In that moment, in the cold light of dawn, Athos stopped, as if he’d been run through by an unexpected bolt. How many times was Porthos right? How many times had the giant, with his slow words pierced through the pretty words and the pretty illusions of his more fluent friends? How many times did Athos have to remind himself that just because Porthos was slow of words it didn’t mean he was slow of mind?
He touched his forehead with the tips of his long, aristocratic fingers and sighed. Had he dreamed Planchet? Planchet was not one of the ghosts that normally visited Athos’ dreams. No, not ghosts, for there was only one. Charlotte, who’d been all too briefly Countess de la Fere and Athos’ wife. And whom he’d killed. Was his guilt now driving him mad at last?
“Are you well, Athos?” Porthos asked, stopping and looking at his friend. “Only you’ve gone the color of the Cardinal when Monsieur de Treville tells him we’ve wounded three of his best fighters.”
Athos struggled for words. As a child he’d been verbose; as a young man he’d been gifted with poetic speech. But his words had been left behind on the day he’d killed Charlotte.
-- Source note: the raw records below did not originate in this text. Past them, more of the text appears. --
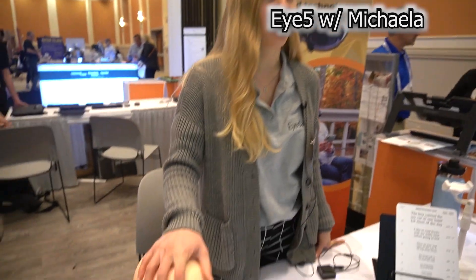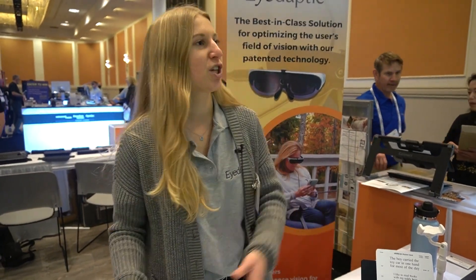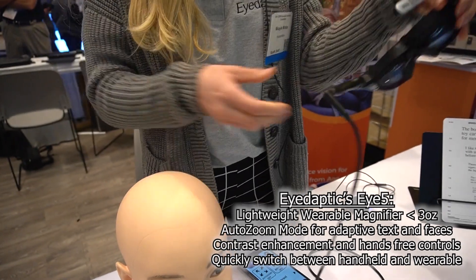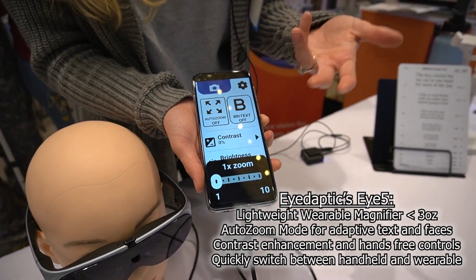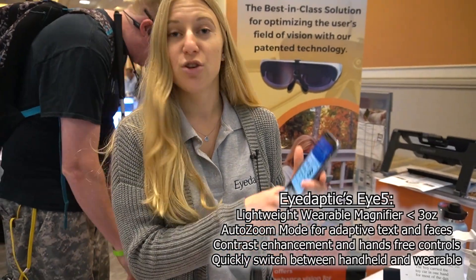TechConnect Live back on the floor here for CSUN 2023. We stopped at the iDaptic booth talking with Michaela about the new iDaptic i5. So this is our i5, our newest product — we just released it in October. It is our low vision assistive device, primarily for central vision loss. We're able to use people's remaining peripheral vision and manipulate the image. The glasses are very lightweight and sleek, more like sunglasses than electronic glasses. There's a camera in the center and we utilize that camera and display it on the two displays on the inside, and we also connect to our app on a companion phone.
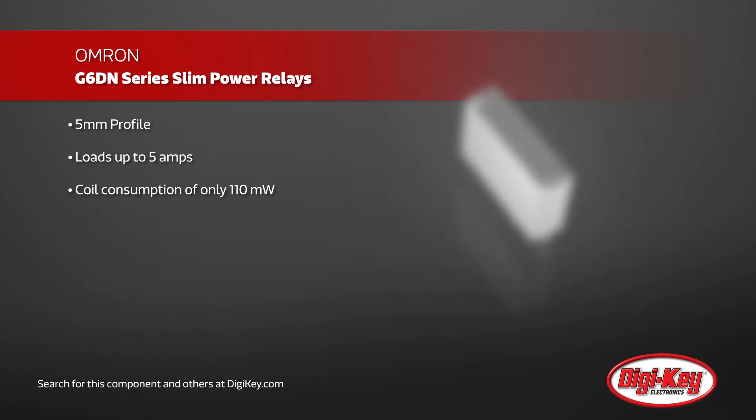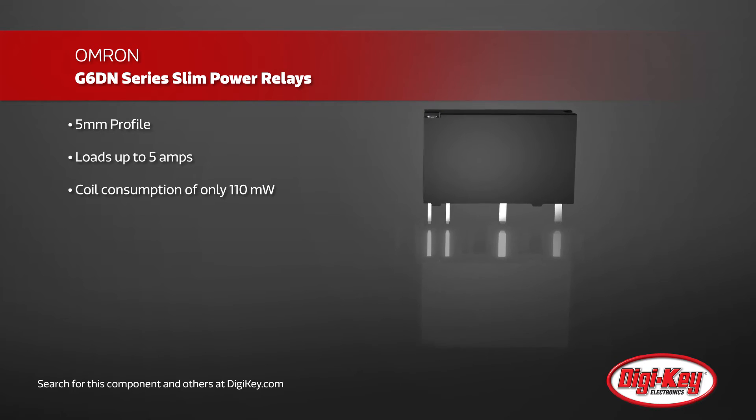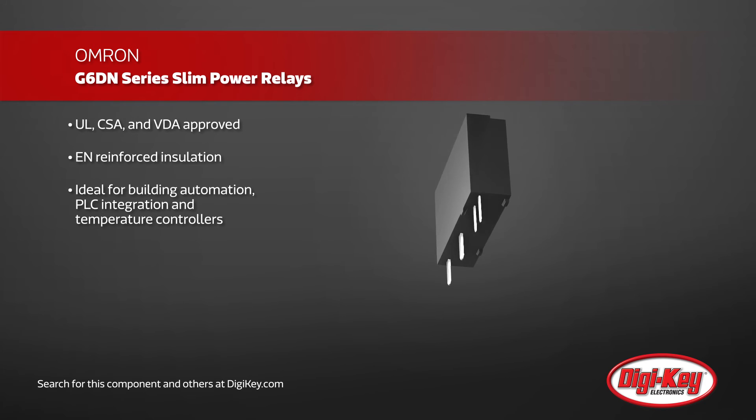However, these are also designed for low-power operations, with a coil consumption of only 110mW and a minimum permissible load of 1mA at 5VDC. These are UL, CSA, and VDA approved, while also meeting several EN reinforced installation requirements.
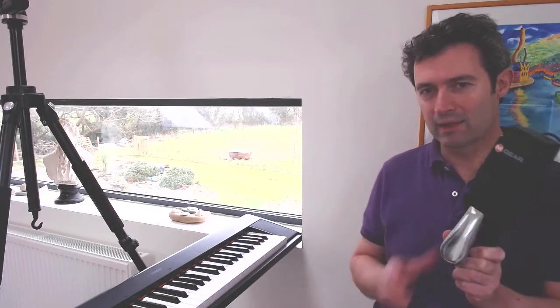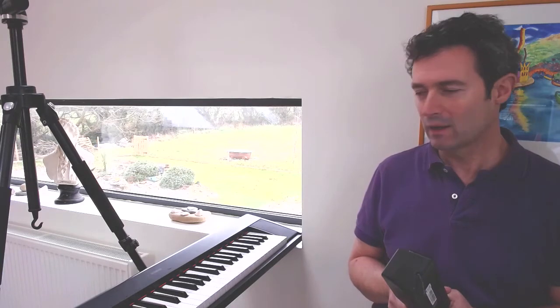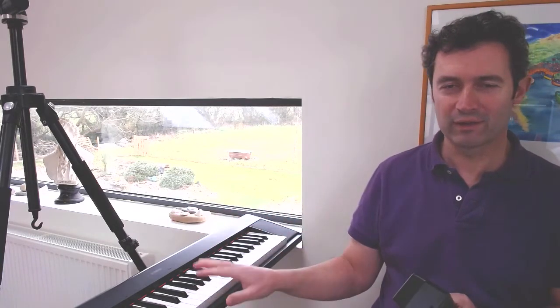So the notes hold when the pedal is up, and then if you press the pedal down the notes stop holding, which is the opposite of what we want. Now there are two ways to fix this. One is the power on and off on the keyboard.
Unable to wrap his words around the thing he’d done, he’d shed the words—as he’d shed honors and title and nobility—and mutely gone to live amid rough musketeers as though they were quiet monks. He’d even trained Grimaud, who’d known him from a child, to keep silent and to obey Athos’s silent commands.
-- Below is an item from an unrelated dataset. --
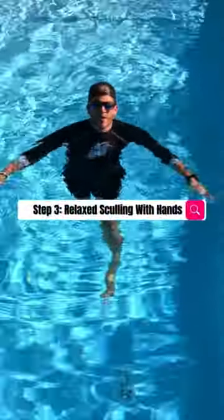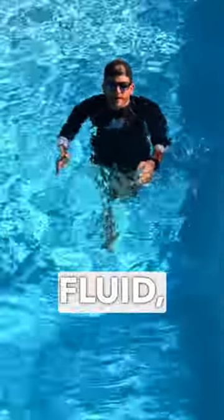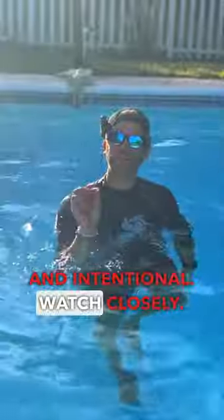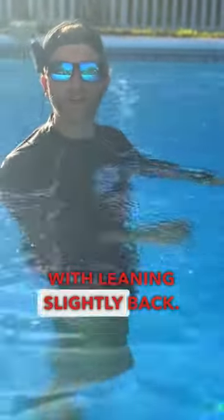Here's what it looks like to scull when we're in the water. Notice how my hands and my movements are very, very slow, fluid, and intentional. Watch closely — as I bring my knees up, I'm doing that in conjunction with leaning slightly back.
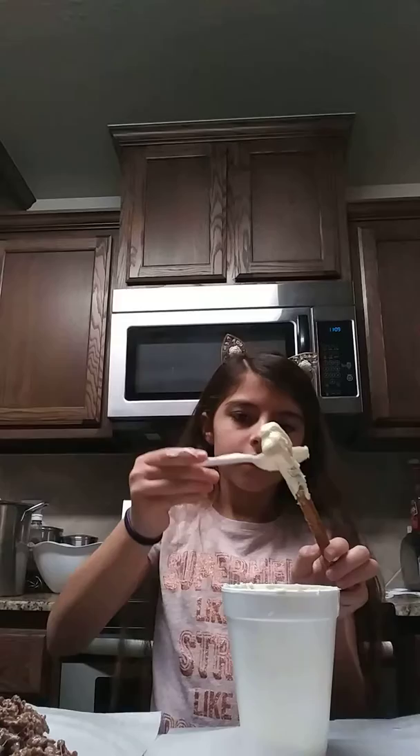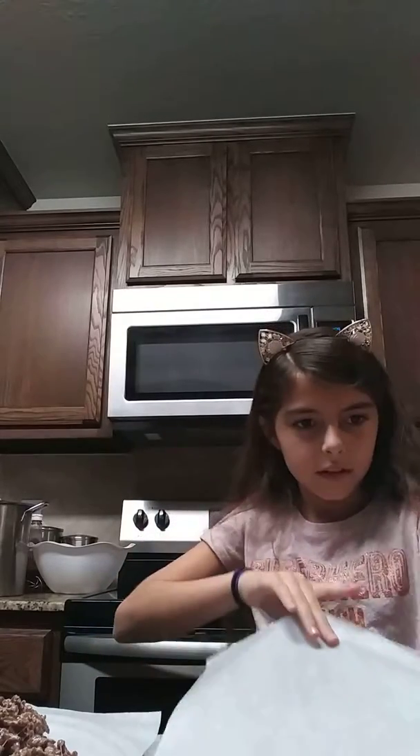Okay, this should be good. And then I'll place it there. Then I need to put this in the freezer to cool or let it harden. I'll be back when it's hardened.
“You know, Porthos,” he said. And was about to confess it might all have been a dream, when he was interrupted by Aramis’s voice shouting, “To me, musketeers. To me.”
There was no time for thinking. This scream, which echoed around Paris a dozen times a day—often followed by “to me of the king” or “to me of the Cardinal”—usually meant that a musketeer was under attack. Often enough by the guards of Cardinal Richelieu.
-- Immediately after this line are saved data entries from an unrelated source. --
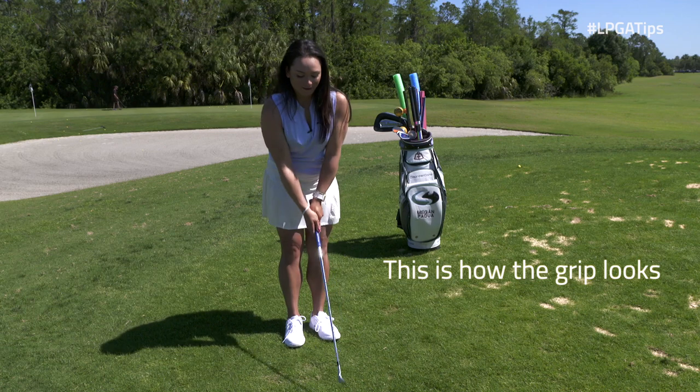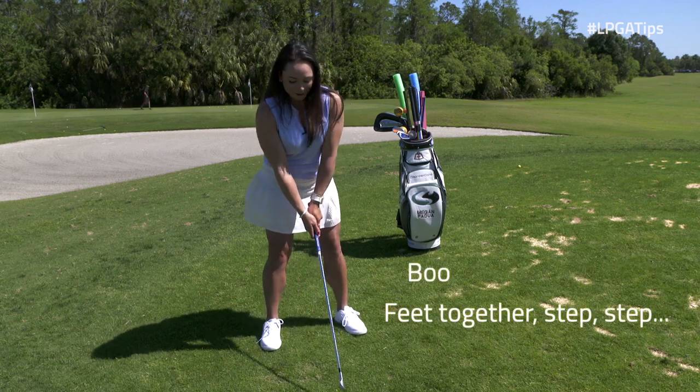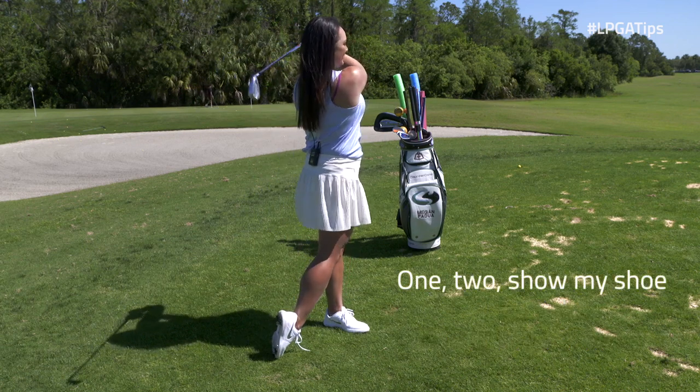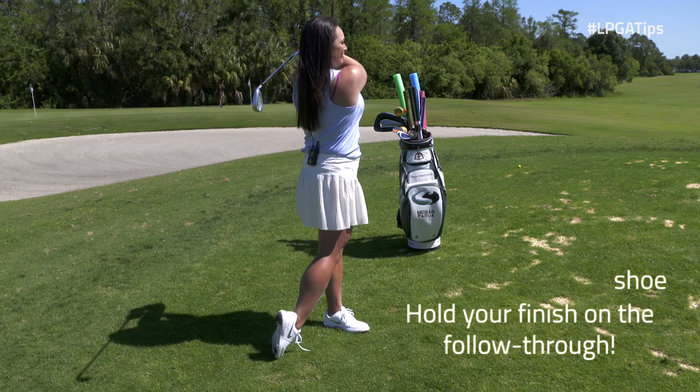This is how the grip looks. Feet together, step, step, booty out, back straight, L for light, now shift your weight. One, two, show my shoe, hold your finish on the follow through.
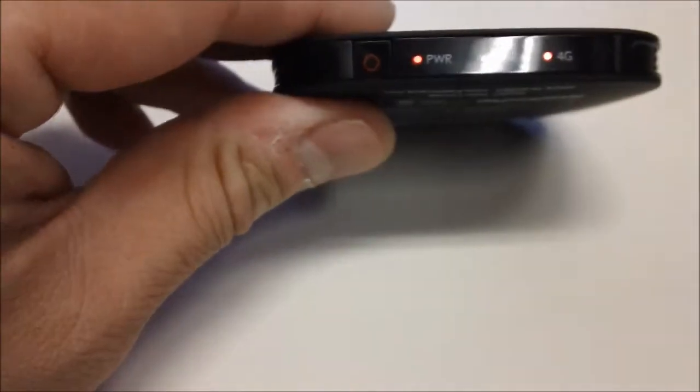The reset works. To turn the device on, just push the power button for about two seconds, then the lights will come up. The startup time is not great — testing shows about a minute before you can connect. At the beginning, you'll always have power, Wi-Fi will be off, and 4G will be red, meaning there's no connection yet. You just have to wait.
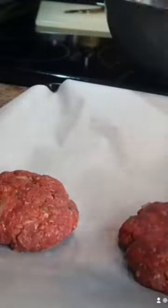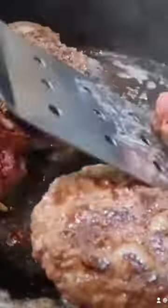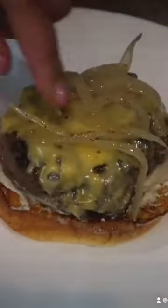Form patties and allow to sit at room temperature for 30 minutes. Melt butter over medium-high heat in a skillet. Cook on each side for 3 to 5 minutes or until fully cooked through. Add cheese and cook for 1 minute. Allow to rest for 5 minutes and then build your burger.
A call of brotherhood and duty, a call of honor, a sacred request that must be obeyed.
Athos gave his reins to Grimaud who—well trained and ever obedient—was there, stretching his hand for them. He was aware of Porthos doing the same beside him. They ran side by side up a rise of the road, then down again on the other side.
“To me, musketeers,” Aramis’s voice sounded again, this time imperative. And in a lower voice, “Ah, canaille.”
Athos could tell it came from within a wooded stretch, and, as he followed the imprecations of close combat, the sound of sword hitting sword, he could see a path amid the trees. He ran through it, headlong, not caring about the branches that stretched onto the path and caught at his clothes. It mattered not. None of it mattered.
Closer, and closer—his feet slipping on round paving stones beneath a loose covering of soil—he tried to count the men and managed no more than a thought that there were many of them and that D’Artagnan—if D’Artagnan were there—was unusually silent and not letting his usual gasconades be heard.
And then he erupted into a clearing around the ruined tower of a donjon. There were people fighting—many people. He recognized Aramis immediately—the younger musketeer had discarded his cloak, and fought in his well-cut, fashionable blue tunic and venetians. His long blond hair had worked free of its ties and flowed down his back like a living thing, twisting and writhing—like a bit of ice come alive in the wintry landscape.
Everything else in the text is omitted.